Adding internet and research paper tools for open world search tasks by mr-sarthakgupta · Pull Request #75 · skydiscover-ai/skydiscover

mr-sarthakgupta · 2026-06-01T14:05:46Z

Adding internet and research paper tools for open world search tasks

the tools allow the agent to search papers and understand existing methods before trying introducing alterations to the solution set.

I've used these tools on my own project for determining protein aggregation laws using a skydiscover derivative and found them really useful!

These tools are heavily inspired by huggingface's https://github.com/huggingface/ml-intern

gemini-code-assist

Code Review

This pull request expands the agentic capabilities of the codebase by introducing several new tools: web_search (via DuckDuckGo and Semantic Scholar), fetch_webpage (for downloading and parsing webpages), research_papers (for discovering and reading ML papers), and run_command (for executing sandboxed shell commands).

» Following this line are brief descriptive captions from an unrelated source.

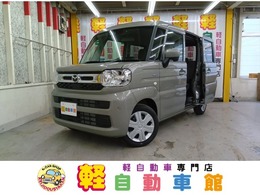 マツダ フレアワゴン 660 XG 4WD 届出済未使用車　ABS　アイドルSTOP
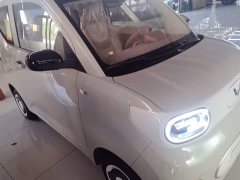Wuling Hongguang MINIEV 2024 Third Generation 215km Youth Edition - ფოტო 4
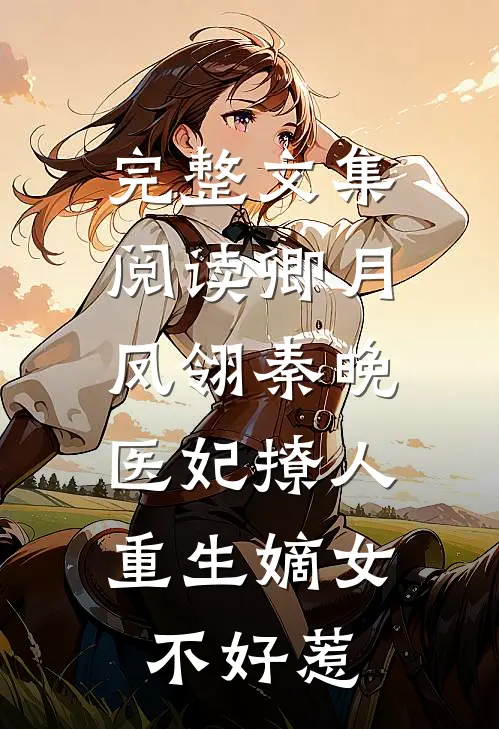 完整文集阅读卿月凤翎秦晚医妃撩人:重生嫡女不好惹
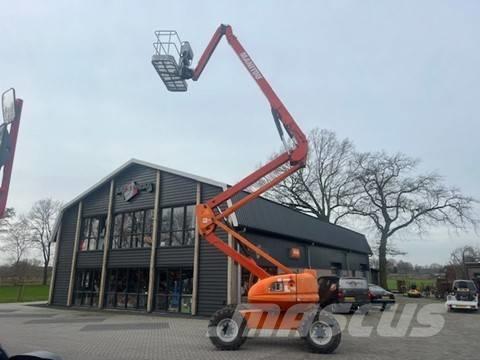 Manitou AJT 200 Plataformas con brazo de elevación manual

The review feedback highlights critical security and robustness issues, including a safety check bypass in run_command when unsafe is enabled, backwards rate-limiting logic for unauthenticated Semantic Scholar requests, and opportunities to improve HTML parsing, timeout handling, and arXiv ID normalization.

gemini-code-assist · 2026-06-01T14:08:41Z

+    if not unsafe:
+        safety_err = _check_command_safety(command)
+        if safety_err:
+            return f"Error: {safety_err}", False


When unsafe is True, the safety check is completely bypassed, allowing arbitrary command execution (including blocked executables like rm, curl, etc.). To prevent this security bypass, _check_command_safety should always be called, passing the unsafe flag to enforce the appropriate safety constraints.

safety_err = _check_command_safety(command, unsafe=unsafe) if safety_err: return f"Error: {safety_err}", False

gemini-code-assist · 2026-06-01T14:08:42Z

+        # Rate limit only when authenticated (1 req/s for search, 10 req/s for others)
+        if S2_API_KEY:
+            min_interval = 1.0 if "search" in path else 0.1
+            elapsed = time.monotonic() - _s2_last_request
+            if elapsed < min_interval:
+                await asyncio.sleep(min_interval - elapsed)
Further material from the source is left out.